I must take exception to what I am hearing you preach more and more often.  The Holy Spirit’s direct influence is not needed and is not given beyond the word to help humanity understand and obey God.  We may have our different understandings about the specifics relating to the Spirit’s indwelling and influence. And on most of those issues I am quite content to live at peace with you on them.  But I refuse to continue to sit quietly while a watered-down version of the doctrine of divine illumination is taught in the Lord’s church. The position is itself wrong and has no principled, textual reason to stop its progress short of full-blown Calvinism.  I hear you and accept that you believe the grace you are proclaiming the Spirit provides is resistible, while Calvinistic grace is irresistible. I hear you say it.  I just don’t believe the text will support the fine distinction you are drawing.  If a direct influence of grace on the human soul is allowed in understanding and obedience, please someone show me in the text, where the resistible/irresistible distinction is made.  I cannot find it. I do not believe it is there.  It is your burden to show the book, chapter, and verse that supports your theory. What you are teaching is wrong, dangerous, and harmful to the Lord’s church – both now and more so in the future.

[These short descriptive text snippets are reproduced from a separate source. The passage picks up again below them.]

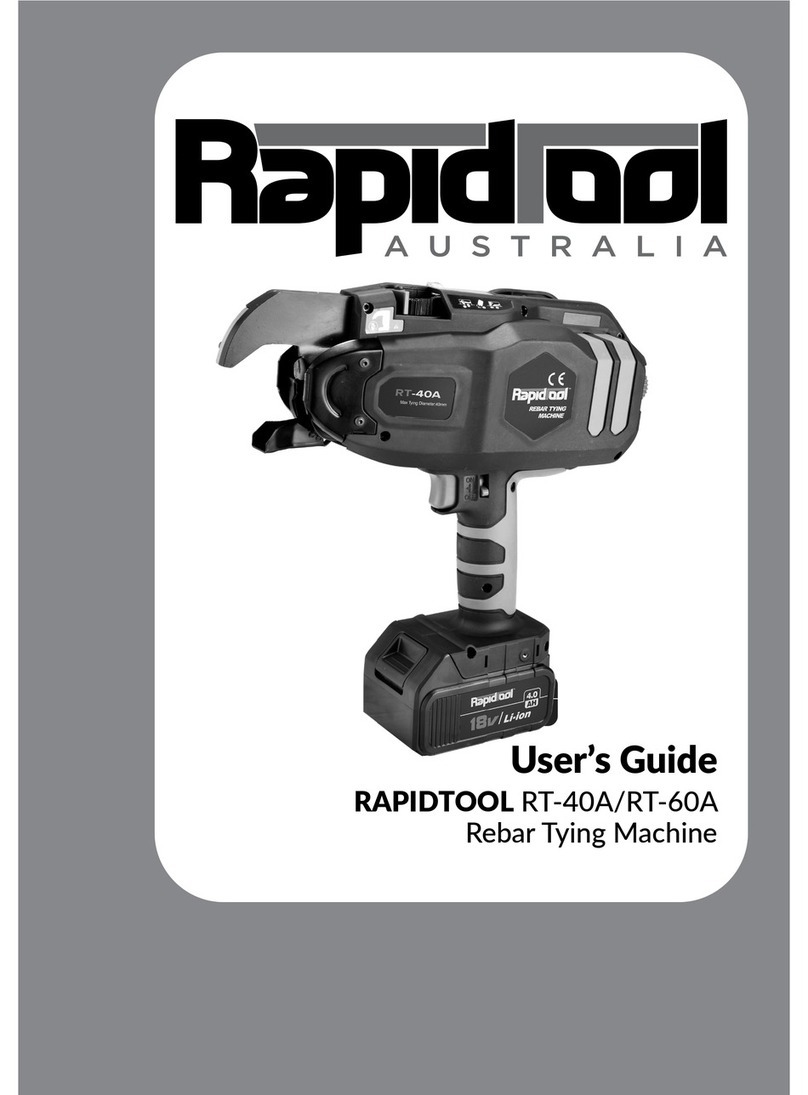 RAPIDTOOL RT-40A User manual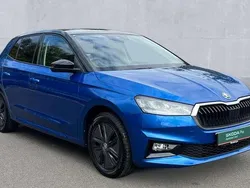 Race blue metallic black magic pearl effect Used 2025 Skoda Fabia Colour Edition Hatchback | £17,990 (Fair price)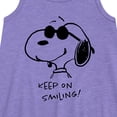 thumbnail image 2 of Peanuts - Cool Joe Keep On Smiling - Youth Girls A-line Dress, 2 of 5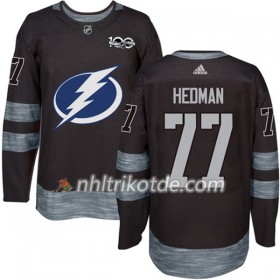 Tampa Bay Lightning Trikot Victor Hedman 77 1917-2017 100th Anniversary Adidas Schwarz Authentic - Herren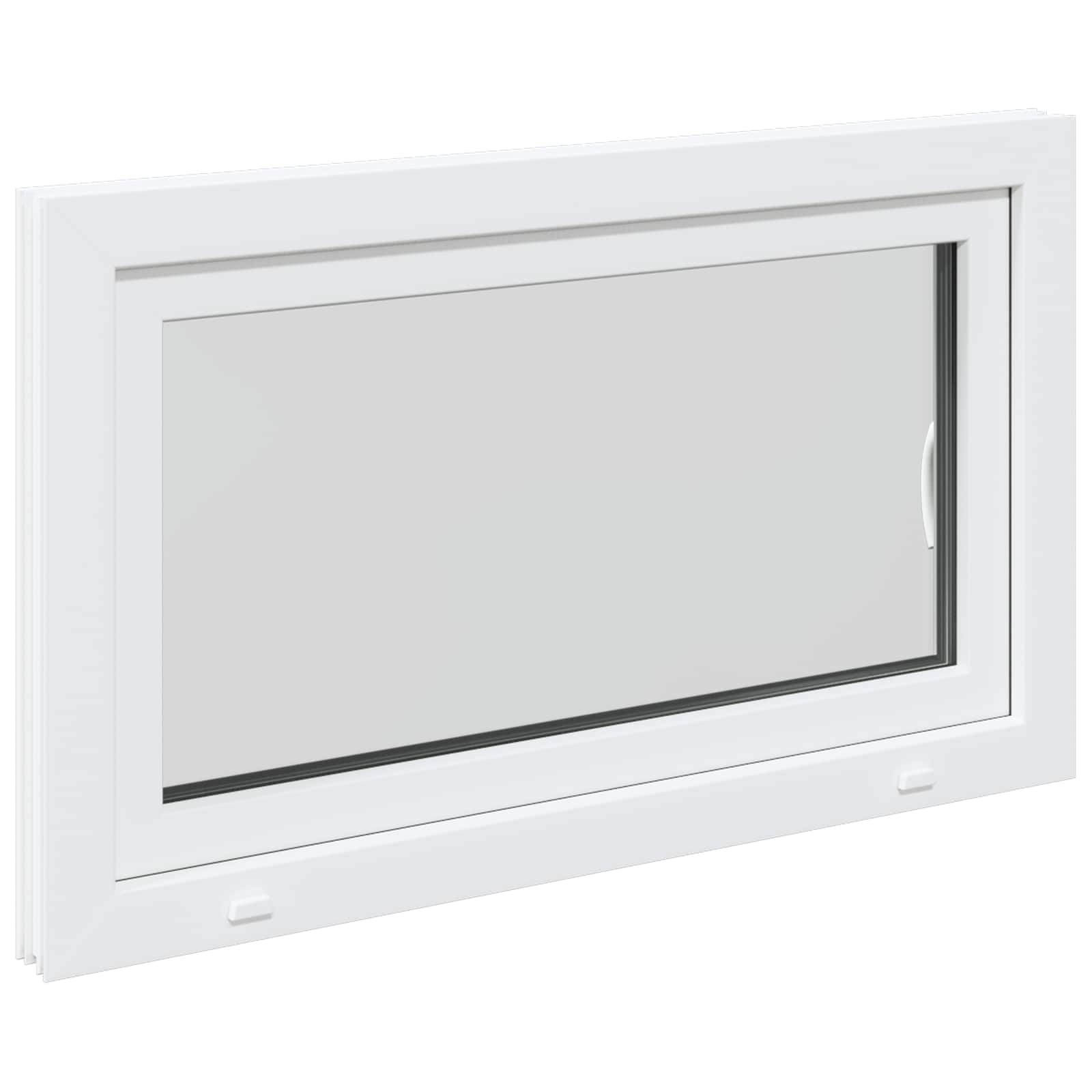 Kelderraam RISOR 100 x 60 cm PVC en glas Wit is nu te koop bij PeponiXL, paradijselijk wonen!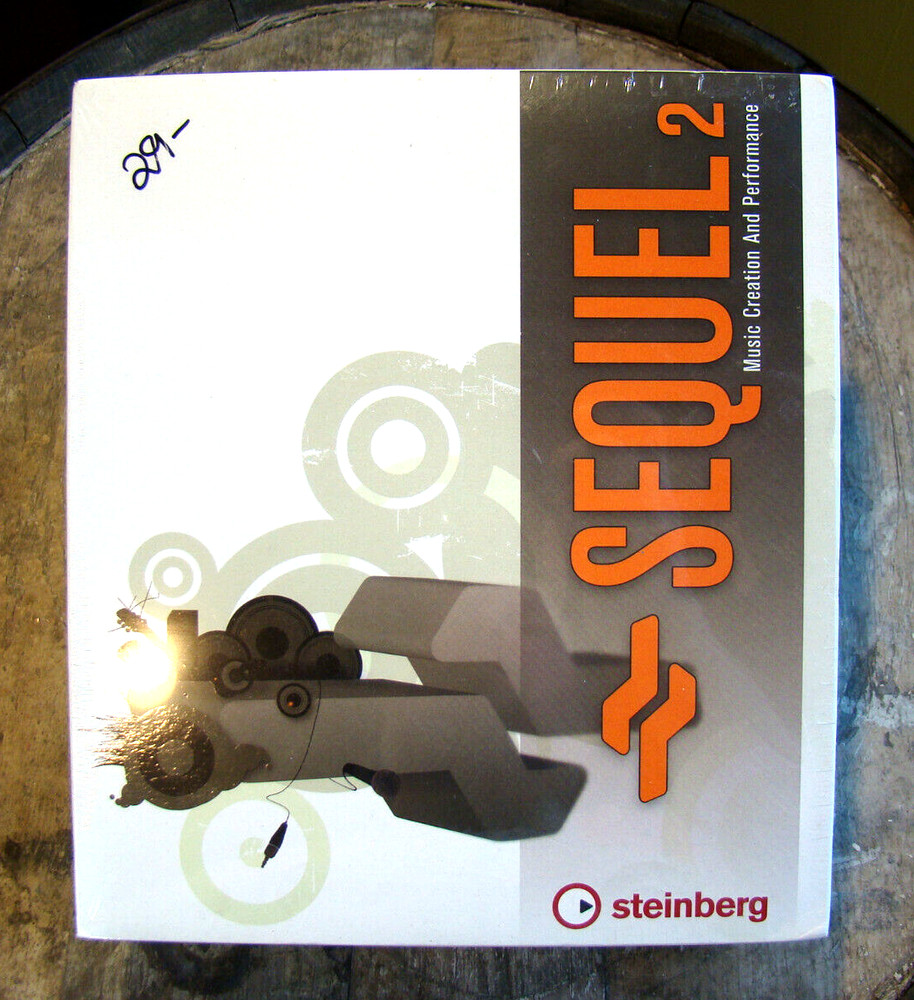 Sequel2: Music Creation And Performance ~2008 Software~ Record Mix Edit Sealed!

The scripture is clear on several matters:

  • Knowledge and Understanding Come from the Mouth of God – God’s Spirit reveals the mind of God in words (1 Cor. 2:13). The only source of divine knowledge comes from God’s lips – “For the LORD gives wisdom; from his mouth come knowledge and understanding. . .” (Proverbs 2:6).
  • God has Chosen to Proclaim His Knowledge from Human Preaching – Paul makes this clear – “For since, in the wisdom of God, the world did not know God through wisdom, it pleased God through the folly of what we preach to save those who believe” (1 Corinthians 1:21). Without God’s knowledge delivered in the words (spoken or written), no person would ever be saved. The Spirit saves no one apart from the word.
  • The Power of Salvation is in the Gospel – God delivered the gospel through the fullness of the Holy Spirit’s power. It is inherently infused with all the influence possible to convert and transform the soul (Short of commandeering man’s free will). The preached gospel is the only power of God in the present in the world for salvation – “For I am not ashamed of the gospel, for it is the power of God for salvation to everyone who believes, to the Jew first and also to the Greek” (Romans 1:16).
  • The Task of Preaching is the Duty of Man – Paul states that responsibility of preaching is contained in “jars of clay” (2 Corinthians 4:7). Even in the day of the height of prophetic revelation by the Spirit. The Spirit still used only the preached word to convert the soul.  That’s Paul’s statement.  The Spirit did not intervene with the Ethiopian; he sent Phillip, a human preacher, to use the scripture to preach Jesus to the lost.  Did the Spirit lack the ability to convert the Ethiopian?  Of course not, He is God. But the declaration of God is that all who would be saved are saved by the gospel preached from man to man.  That is the only path that God has provided.
  • Faith is the Response of Hearing – I know you’re tired of old preachers “proof-texting.” But the words of scripture, on occasion, do prove things by the words of the verses in which they are found. On this point, we have a verse which settles this matter: “So faith comes from hearing, and hearing through the word of Christ” (Romans 10:17).  Is there anything hard to understand in that verse?  The one and only source of faith is the hearing of the word of God. There is not now, nor has there ever been, in any person faith that came from any other source than the word of God.  The Spirit has never and will never create faith directly in man’s heart.
  • Faith from the Preached Word is Able to Save and Transform – Accepting the preached word of God is able to make you wise unto salvation (2 Timothy 3:15), build you up (Acts 20:32), give you an inheritance among the sanctified (Acts 20:32), equip you to every good work (2 Timothy 3:16), facilitate your spiritual growth (1 Peter 2:2), and so on. There is not a single verse in scripture that indicates man is incapable of understanding the preached word or the word of God is insufficient in any way to affect the transformation of man that God desires.  There is simply no need of, space for or promise of the Spirit’s direct intervention to cause this.
  • God’s Word can Keep Us from Sin – David knew nothing of and never experienced the indwelling of the Spirit (since I am told that began in Acts 2). He knew nothing of the experience of the indwelling that reportedly gives us the power to obey the gospel. Yet somehow, he knew of a different path to avoid sin: “I have stored up your word in my heart, that I might not sin against you” (Psalms 119:11). David simply thought he could read and learn God’s word and avoid sin it. God believed that saints like Abraham, Moses, Noah, Daniel, Job, David, Asa, Josiah, Elizabeth, Zechariah, and Simeon could all avoid sin without the direct intervention of the Spirit (for each of those Old Testament saints a specific endorsement of their lives before Acts 2 can be found).  All the saints of Hebrews 11 died in faith never having experienced the indwelling of the Spirit preached today. And all of them did under worse covenants with worse promises delivered by worse mediators than every single Christian has known under the better covenant of Jesus.  Yet, I am now asked to believe that the direct influence of the Spirit is needed for me to remain wholly faithful.  I am sorry, I simply don’t see.  I can find no biblical support for your position.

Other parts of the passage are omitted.